Как ни прискорбно, в представлении людей виновником провала оказался не истинный предатель, а человек, проявивший удивительную стойкость — потому, быть может, что того, невзирая на его подлость, все-таки убили, а этот, несмотря на благородство, остался жив.

Уделом Ореста стало одиночество.

Пытки, надругательства, но особенно — острое, доводящее до исступления сознание позора, сокрушили сердце Ореста, который и раньше не отличался уравновешенностью.

Чтоб заглушить изнуряюще беспрестанную, мучительно ноющую душевную боль, он стал все чаще прикладываться к чаше и быстро спился.

Он опустился. Одичал. Озлобился. Забыл даже то немногое, чему обучался в греческой школе. Сделался бродягой.

Насмешник, кривляка, хохочущий с ненавистью в глазах, — уже семь лет скитался он, пошатываясь от вина, по каменистым дорогам Боспора. Нищенствовал. Появлялся, исчезал вновь. Пропадал по ту сторону Киммерийского (Керченского) пролива, возвращался в Пантикапей, где его неизменно встречали ругательствами.
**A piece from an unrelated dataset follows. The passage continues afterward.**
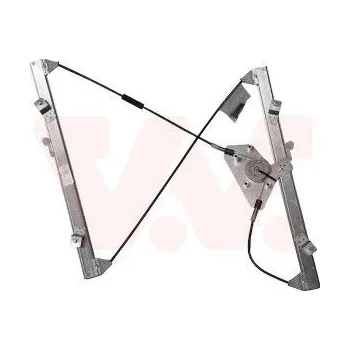 Stahovačka okna Zvedací zařízení oken VAN WEZEL 0648266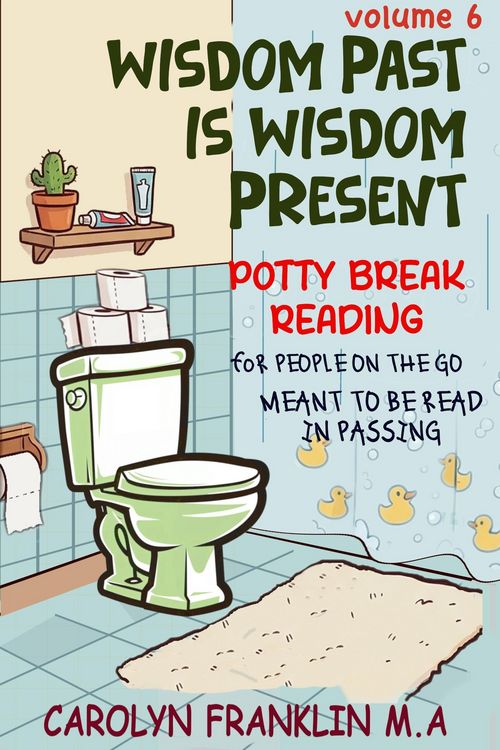 Produktbild: Volume 6: Wisdom Past Is Wisdom Present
Обессиленный, голодный, он удалялся к родственникам по матери — не совсем, может быть, безразличным к нему скифам, что обитали подле старого пограничного вала.

Здесь и отыскал его сегодня ночью глашатай Поликрат.

За спиною Ореста послышались сперва медленные шаркающие шаги, затем осторожный топот многих ног.

Сын не встречался с отцом семь лет, но тотчас же узнал ненавистную поступь.

Орест, опасаясь внезапного удара, быстро повернулся и передернулся от чувства гадливости и страха. Перед ним стоял Асандр.

Позади царя толпились эвпатриды. Они глядели на бродягу с таким же явным, тревожным и томительным любопытством, с каким взирали бы, вероятно, на косматого и одноглазого аримаспу, обитающего, по преданию, в Рифейских горах, случись тому попасть в Пантикапей.

— Родной! — воскликнул отец плачущим голосом. — Как я рад тебя видеть…

Оресг злобно скривился.

Старик приблизился и погладил большой красной ладонью черные, дико взлохмаченные волосы блудного сына. От этого прикосновения Оресту стало мерзко, словно за шиворот плеснули вонючей жижи.

— Ах, отец! — Бродяга вскочил, выпятил, смешно прогнув позвоночник, грудь вперед, выставил левую ногу, повертел ею на пятке, схватился — резким, подчеркнуто нелепым движением задрав локти — обеими руками за сердце, откинув голову назад, и оскалил зубы в ненастоящей блаженной улыбке. — Неужели я вижу тебя? Наконец-то сподобил господь лицезреть незабываемые черты! Ох, ох! — продолжал кривляться бродяга. — Я не могу прийти в себя от восторга! Я рыдаю, обливаясь слезами… Эй, вы! Прикатите бочонок, чтоб я мог слить туда горькие ручьи, струящиеся из моих очей… — Он поднес пальцы к мутным глазам и сделал вид, будто снимает по капле слезы и складывает их в полу рваного хитона.